Sly and The Family Stone is band from San Francisco, California that was active from 1966 to 1983. The band consisted of brothers Sylvester and Freddie and sister Rose Stewart along with Greg Errico, Cynthia Robinson, Jerry Martini, and Larry Graham and was the first major band to have a racially integrated male and female lineup. They were also pioneers in the emerging “psychedelic soul” sound that incorporated funk, soul, rock and psychedelic music.
Sylvester Stewart, who was born to parents K.C. and Alpha Stewart, was the leader of the group. Although his birth name was Sylvester, he was called Sly after a friend misspelled his name. Stone was born in Dallas, Texas but the family moved to Vallejo, California when he was a child.

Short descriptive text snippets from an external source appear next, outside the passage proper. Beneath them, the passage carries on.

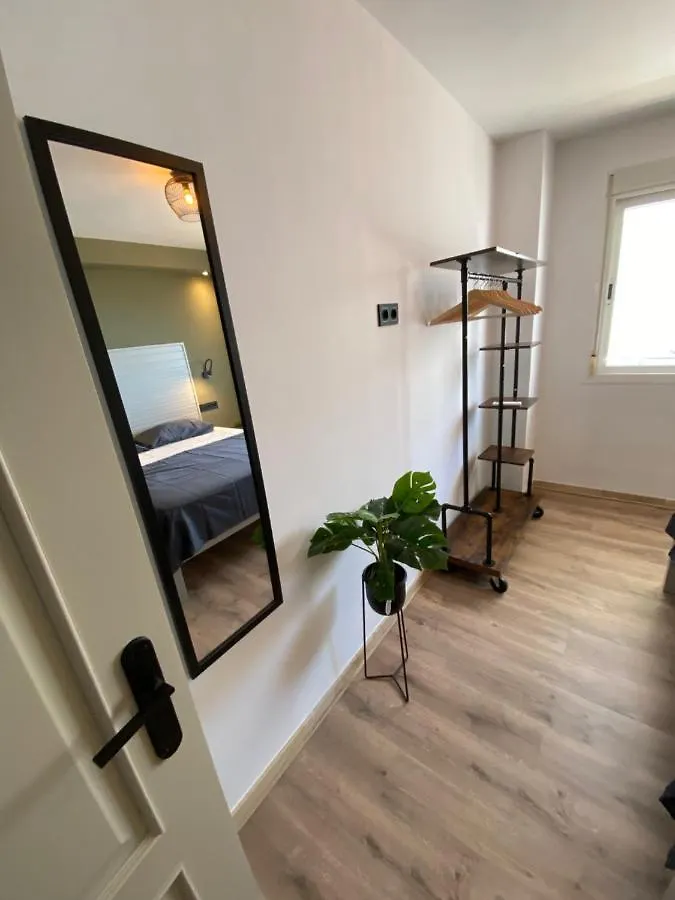 Nerja Sea View Front Line Appartment Torrecila 4P Max Apartamento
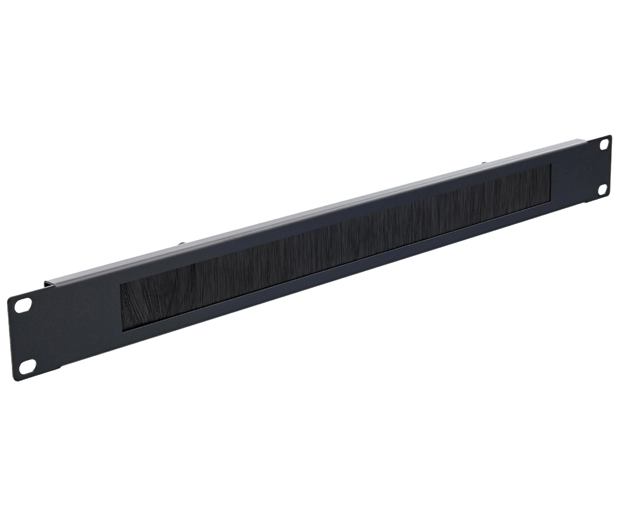 UltraLAN 1U Cabling Brush Panel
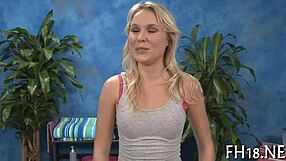 Massage porn featuring sensual web resource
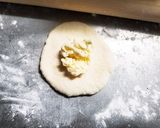 みんな大好き♡チーズちぎりパン♡作り方3写真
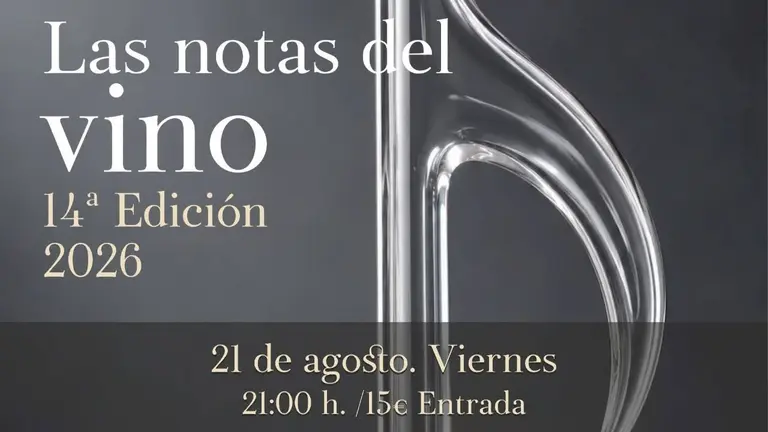 Notas del Vino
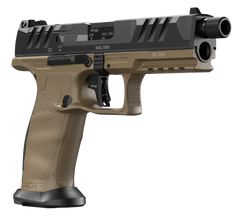 Walther Arms PDP Pro SD Full Size 9mm Luger 5.10" 10+1 Striker-Fired Pistol - FDE Frame — view 3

Stewart played several musical instruments including keyboards, guitar, bass, and drums all by the age of eleven. In high school he performed with Viscaynes which released some tracks but by 1964 he worked as a DJ for the San Mateo radio station, KSOL and became popular for infusing The Beatles and Rolling Stones into the station’s R&B rotation. Later he was a DJ at San Francisco’s KDIA. While there he formed Sly and The Family Stone which signed with Epic records in 1966.
The 1968 song “Everyday People” became the group’s first hit, reaching Number 1 on the R&B and Pop charts. The song was part of the group’s first album, Stand, which also included “Sing A Simple” and “I Want Take You Higher.” Stand topped at number 3 on the R&B charts and 13 on the Pop charts but it stayed on the charts for two years. The success of Stand allowed them to perform at the 1969 Woodstock Music and Art Festival which gave them international exposure.
In 1971 the group recorded “Family Affair” for the album of the same name, which reached the top of the charts just a month after its release. It ranked number 1 on the pop charts for three weeks and number 1 on the R&B charts for six weeks. In 1973 the group produced Fresh Sly, and its major single, “If You Want Me To Stay” but it did not have the success of earlier albums and prompted two member of the band to leave the group, the first of a series of departures.
In 1974 Sly and the Family Stone released the album Small Talk which was certified gold (sold 250,000 units). The album produced two singles, “Loose Booty” and “Time for Livin’” which was the group’s last song to chart in the Top 40. After this more member left the group. Sly in 1975 went solo and recorded the albums High on You and Heard You Missed Me, Well I’m Back a year later. In 1979 he released Back on the Right Track. The album, Ain’t But The One had to be completed and released in 1982 by record producer Stewart Levine because Sly, now addicted to drugs, disappeared.
After that point Sly Stone rarely appeared in public. In 1993 he performed when the group was inducted into the Rock and Roll Hall of Fame. Then he disappeared again only to reappear in 2006 when the band was honored at that year’s Grammy awards with a tribute by Fantasia, John Legend, Ciara and others. Stone performed along with the stars and then disappeared again.